PROBLEM STATEMENT
For the data below, transcribe the part that opens with the line containing "투게더 오리지널 바닐라 아이스크림 (24,770원/무료)" and closes with the line containing "Gosha Rubchinskiy Split", exactly and with no pictures.

STUDY MATERIAL
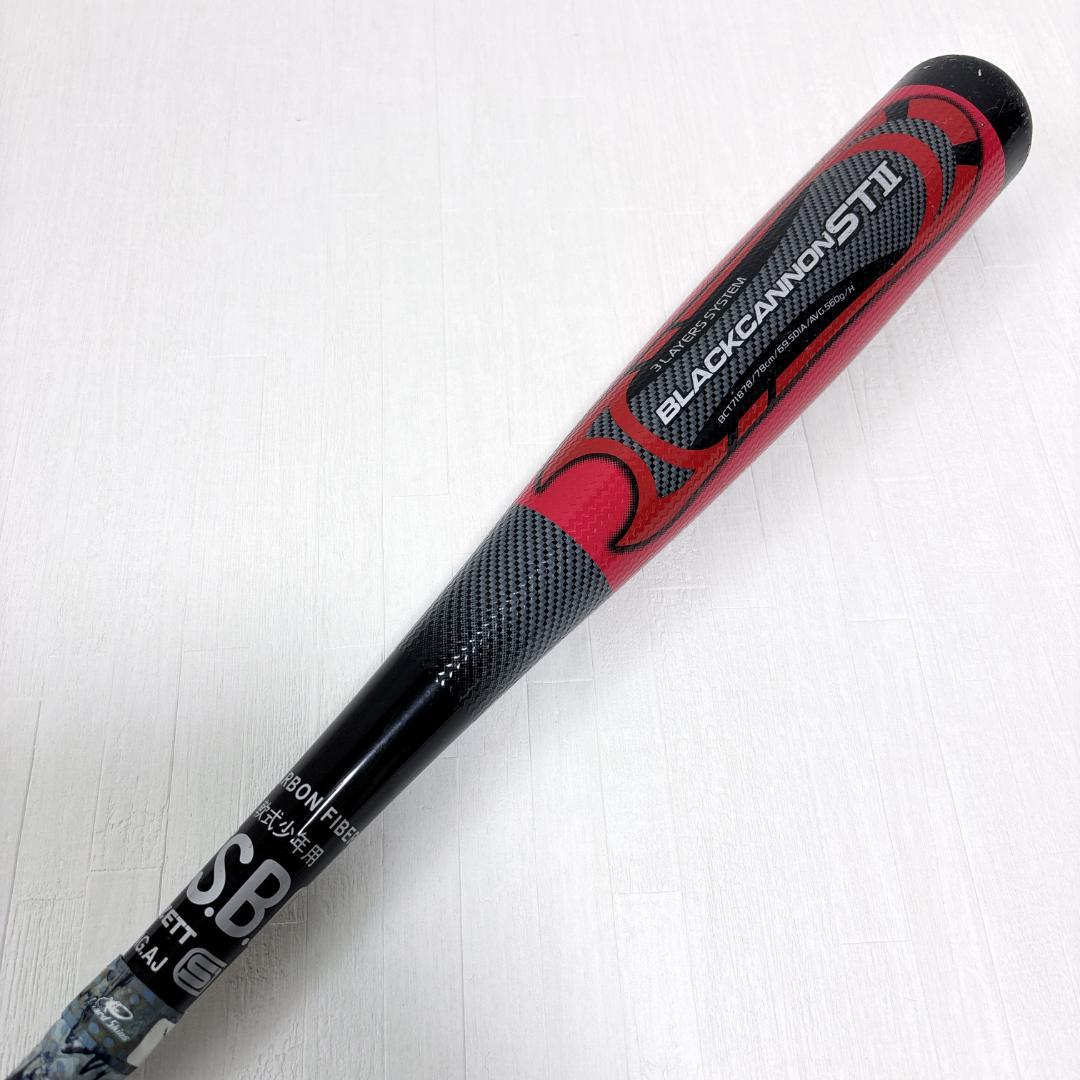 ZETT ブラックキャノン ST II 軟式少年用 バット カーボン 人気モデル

* * *

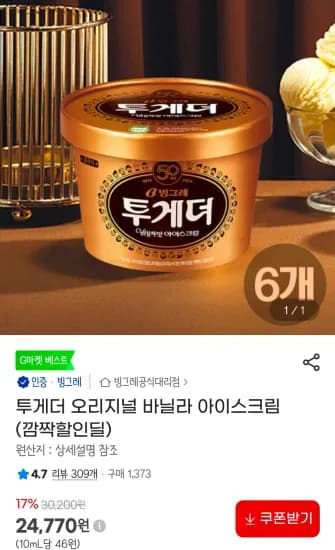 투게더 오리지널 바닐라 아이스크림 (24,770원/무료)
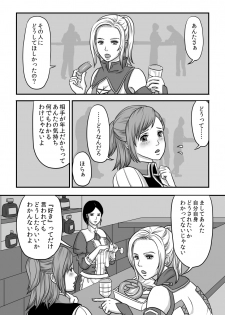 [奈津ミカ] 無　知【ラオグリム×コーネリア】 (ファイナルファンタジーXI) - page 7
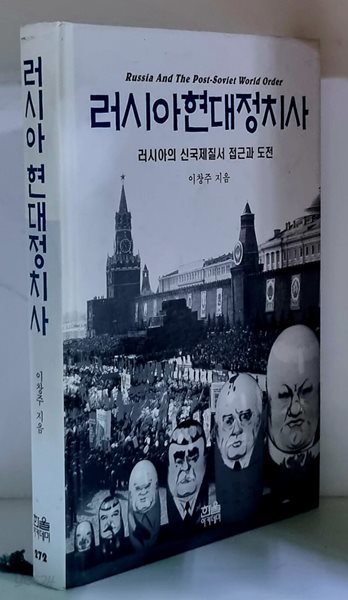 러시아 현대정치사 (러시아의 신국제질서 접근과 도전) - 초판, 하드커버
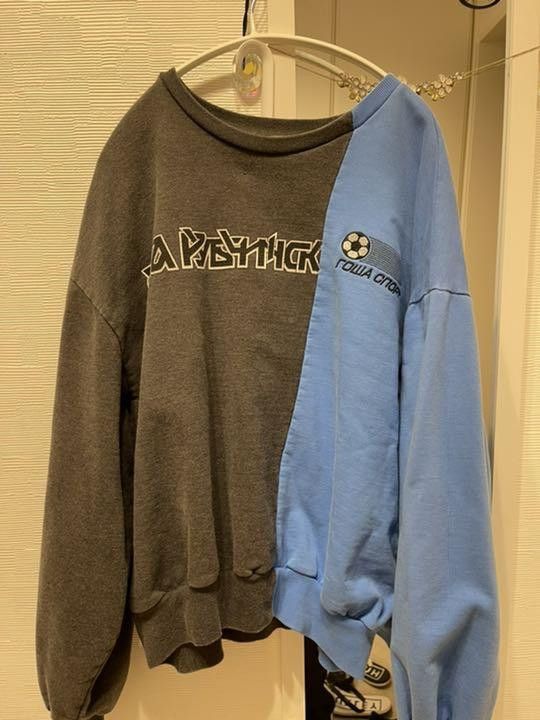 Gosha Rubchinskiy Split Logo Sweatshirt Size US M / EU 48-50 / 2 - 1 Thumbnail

---

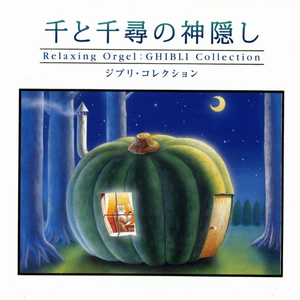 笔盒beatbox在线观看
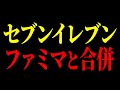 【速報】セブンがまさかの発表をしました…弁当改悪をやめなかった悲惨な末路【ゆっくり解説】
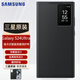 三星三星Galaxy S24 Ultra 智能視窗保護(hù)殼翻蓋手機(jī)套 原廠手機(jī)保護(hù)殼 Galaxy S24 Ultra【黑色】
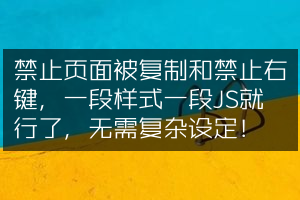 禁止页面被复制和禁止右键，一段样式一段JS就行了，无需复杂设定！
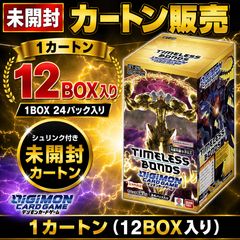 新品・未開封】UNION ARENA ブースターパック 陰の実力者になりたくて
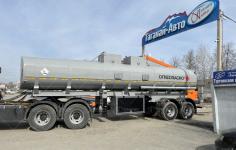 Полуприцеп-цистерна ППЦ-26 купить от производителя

RESULT
 투게더 오리지널 바닐라 아이스크림 (24,770원/무료)
 [奈津ミカ] 無　知【ラオグリム×コーネリア】 (ファイナルファンタジーXI) - page 7
 러시아 현대정치사 (러시아의 신국제질서 접근과 도전) - 초판, 하드커버
 Gosha Rubchinskiy Split Logo Sweatshirt Size US M / EU 48-50 / 2 - 1 Thumbnail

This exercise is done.